[RAW DATA]
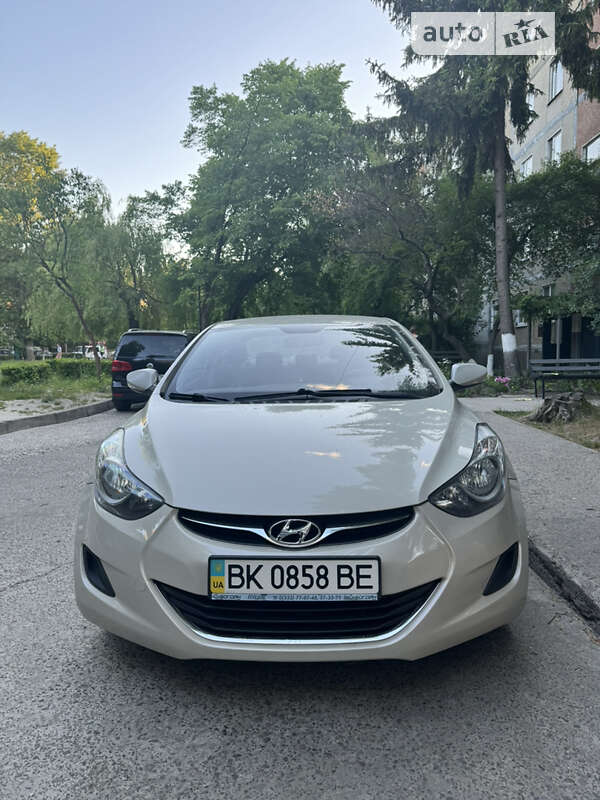 2012 hyundai elantra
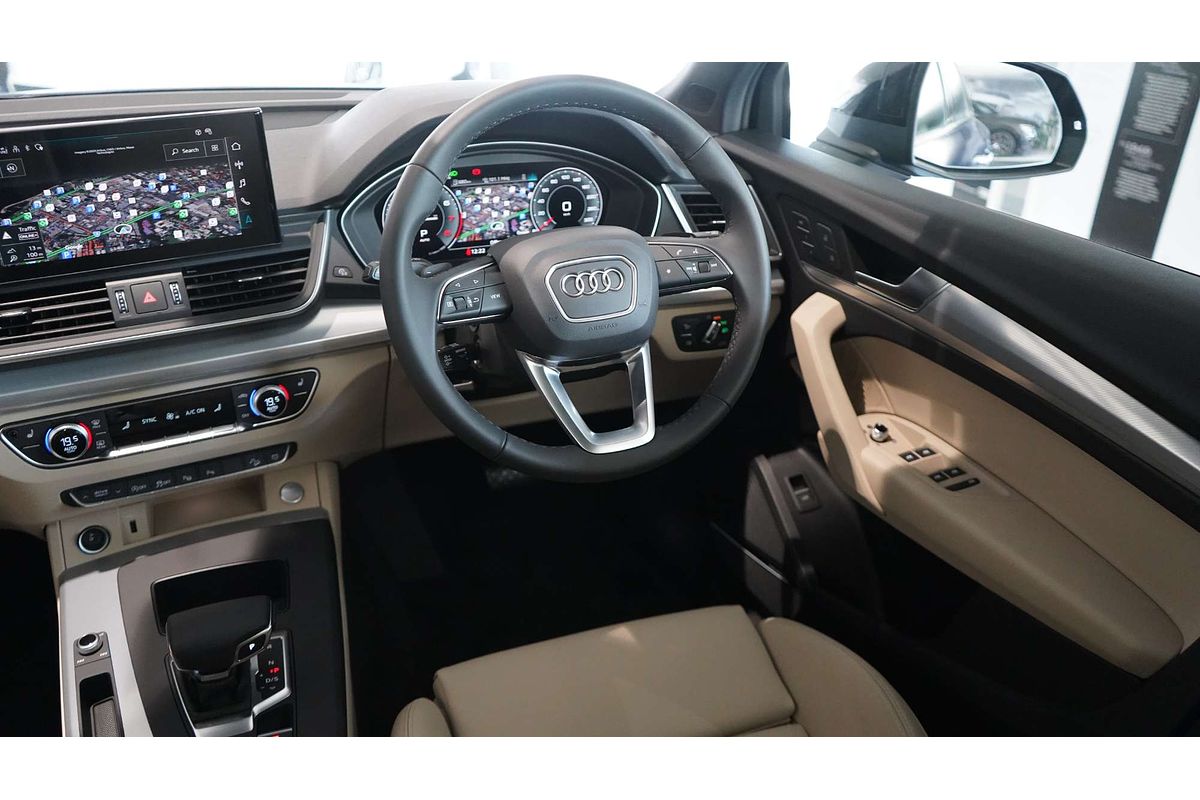 2024 Audi Q5 45 TFSI Sport FY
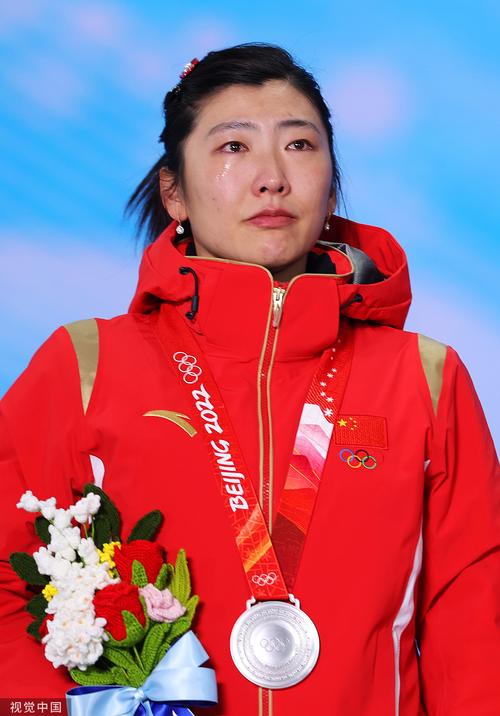 战胜伤病四朝元老终圆梦徐梦桃拿下滑雪空中技巧金牌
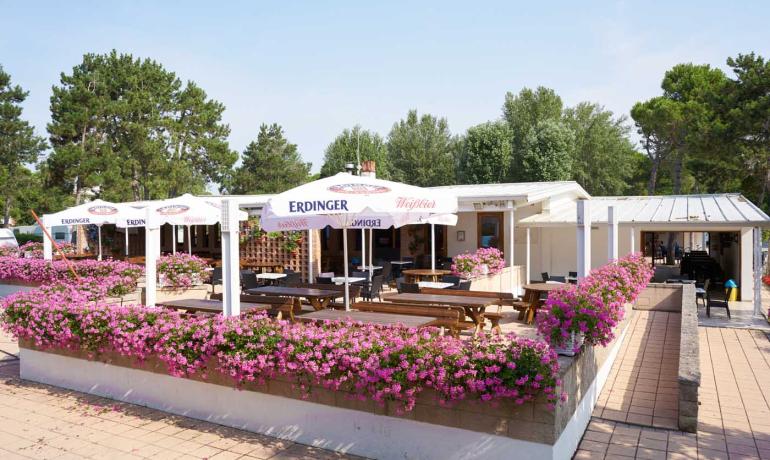 campinglido en july-in-bibione-stay-in-a-mobile-home-or-glamping-in-a-seaside-camping-village 016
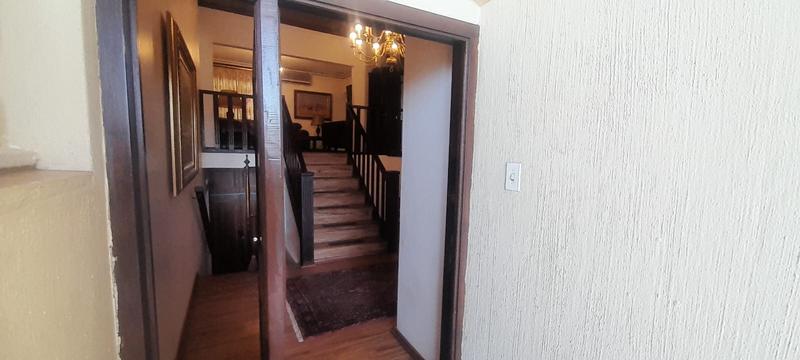 6 Bedroom Property for Sale in Zwartkop Gauteng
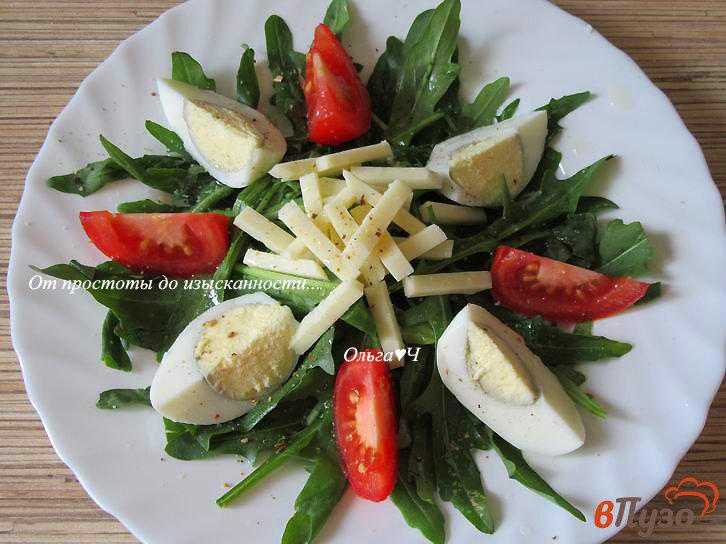 Фото приготовление рецепта: Салат с рукколой, помидором и яйцом шаг №4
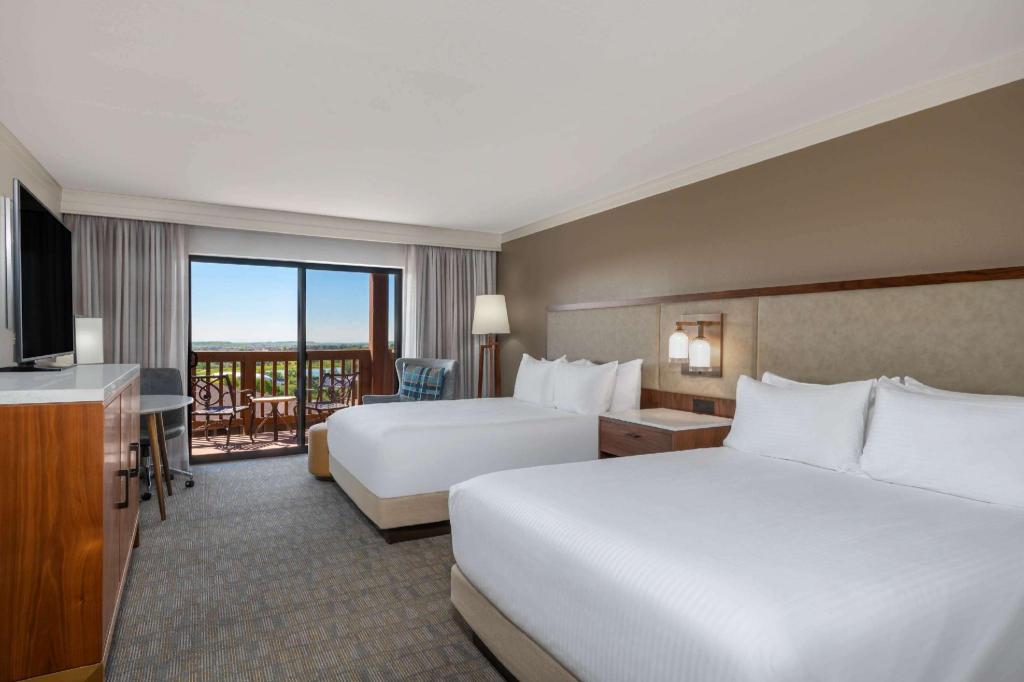 Room, 2 Queen Beds, Resort View, Accessible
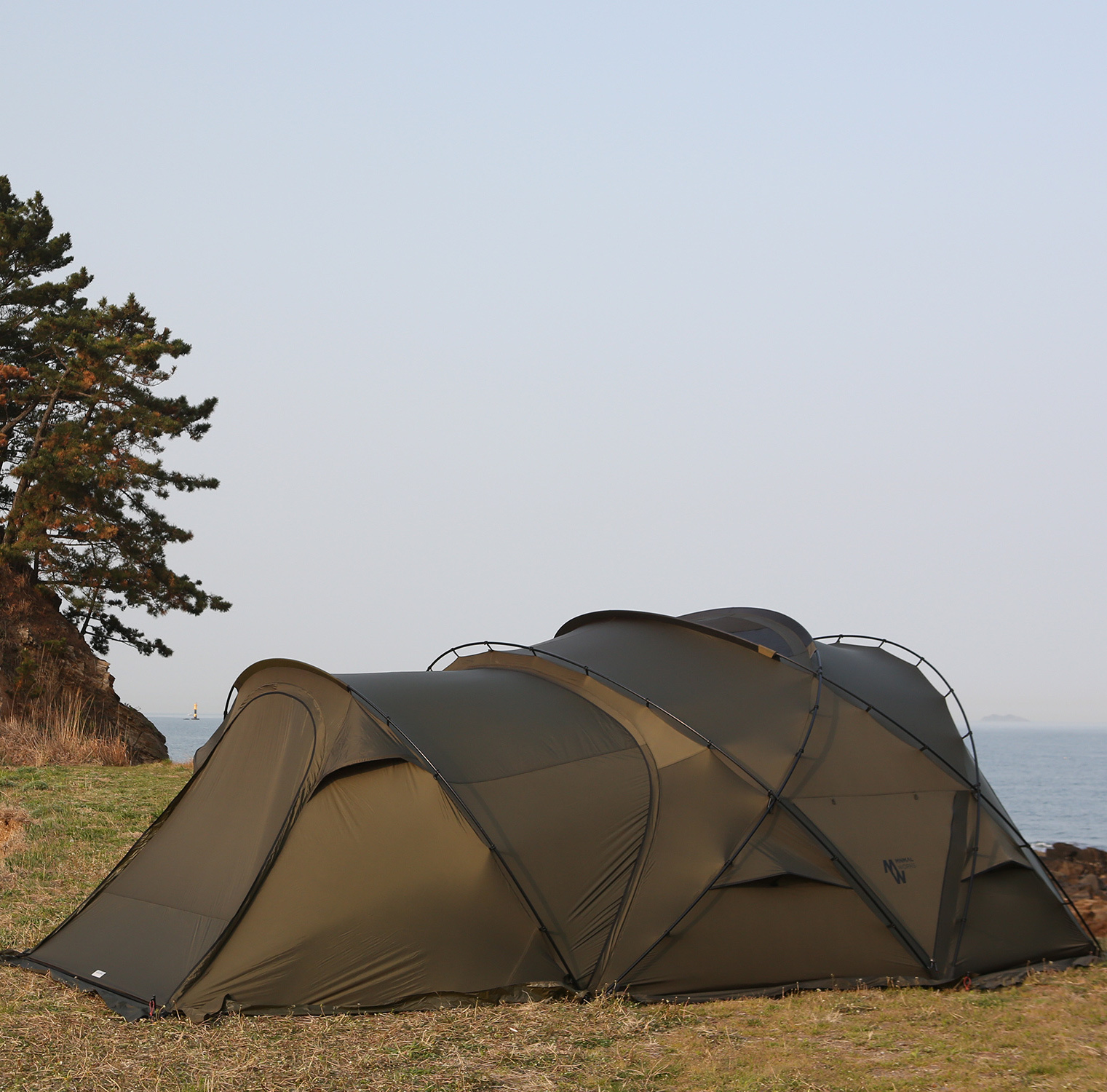 Minimal Works｜Agora 延伸前庭｜卡其沙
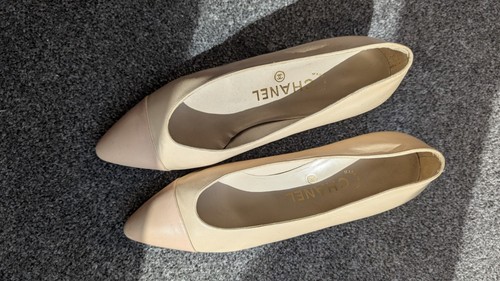 Chanel two tone nude beige - chanel,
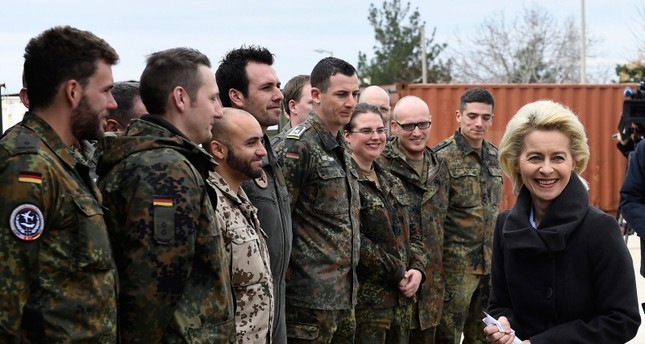 وزيرة الدفاع الألمانية مع مجموعة من الجنود الألمان من الأرشيف
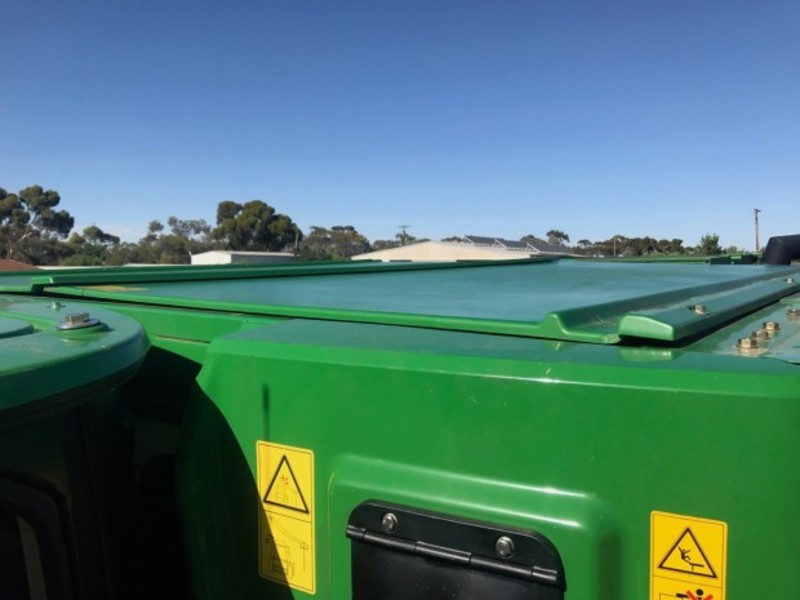 JOHN DEERE S670 Harvester
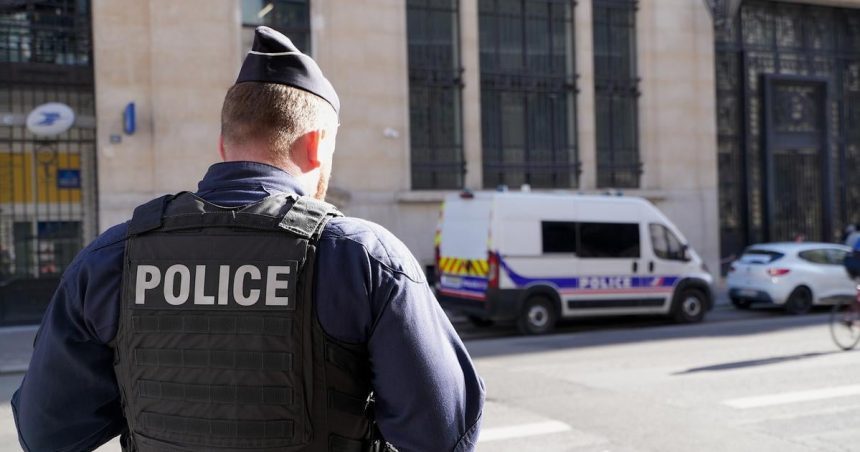 Policia zadrzala v Parizi muza ktory nozom zautocil na tri zeny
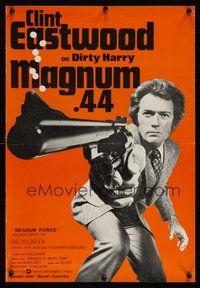 7m118 MAGNUM FORCE Finnish '74 Clint Eastwood is Dirty Harry pointing his huge gun!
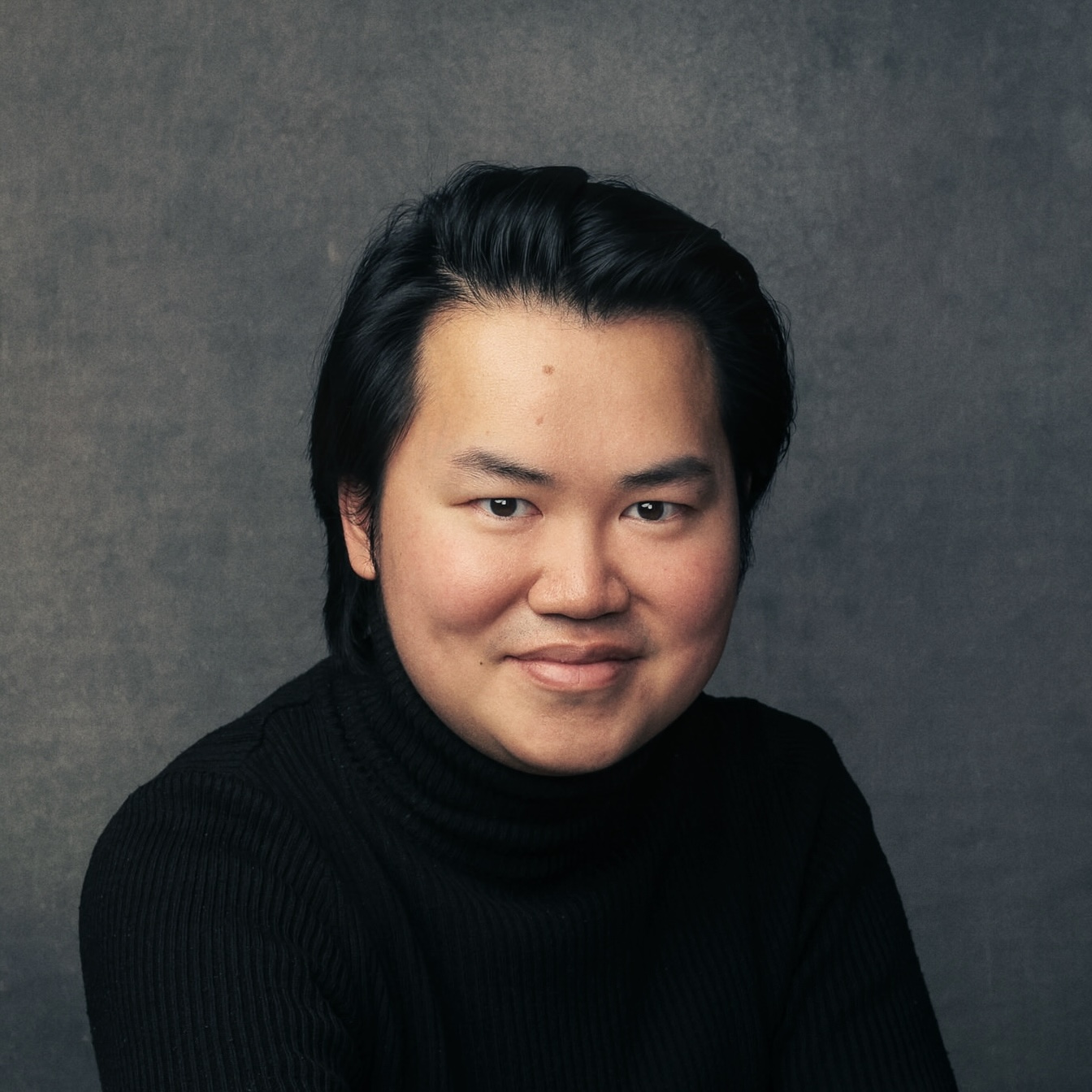 James Lo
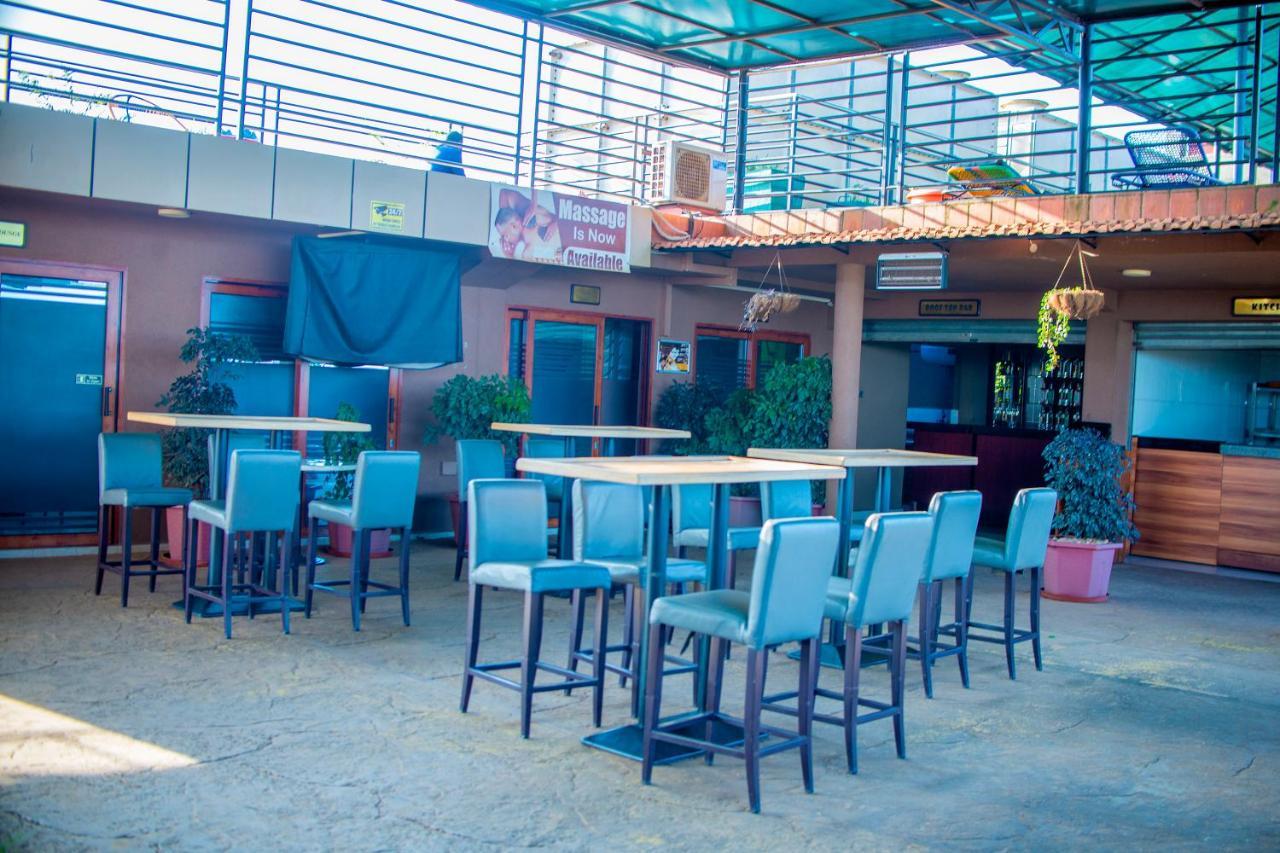 Hera Hotel Kampala Exterior photo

[HOW TO COMPLETE THIS TASK] Go through the entries above and output them exactly, without pictures.

[SOLUTION TO THE PROBLEM]
 2012 hyundai elantra
 2024 Audi Q5 45 TFSI Sport FY
 战胜伤病四朝元老终圆梦徐梦桃拿下滑雪空中技巧金牌
 campinglido en july-in-bibione-stay-in-a-mobile-home-or-glamping-in-a-seaside-camping-village 016
 6 Bedroom Property for Sale in Zwartkop Gauteng
 Фото приготовление рецепта: Салат с рукколой, помидором и яйцом шаг №4
 Room, 2 Queen Beds, Resort View, Accessible
 Minimal Works｜Agora 延伸前庭｜卡其沙
 Chanel two tone nude beige - chanel,
 وزيرة الدفاع الألمانية مع مجموعة من الجنود الألمان من الأرشيف
 JOHN DEERE S670 Harvester
 Policia zadrzala v Parizi muza ktory nozom zautocil na tri zeny
 7m118 MAGNUM FORCE Finnish '74 Clint Eastwood is Dirty Harry pointing his huge gun!
 James Lo
 Hera Hotel Kampala Exterior photo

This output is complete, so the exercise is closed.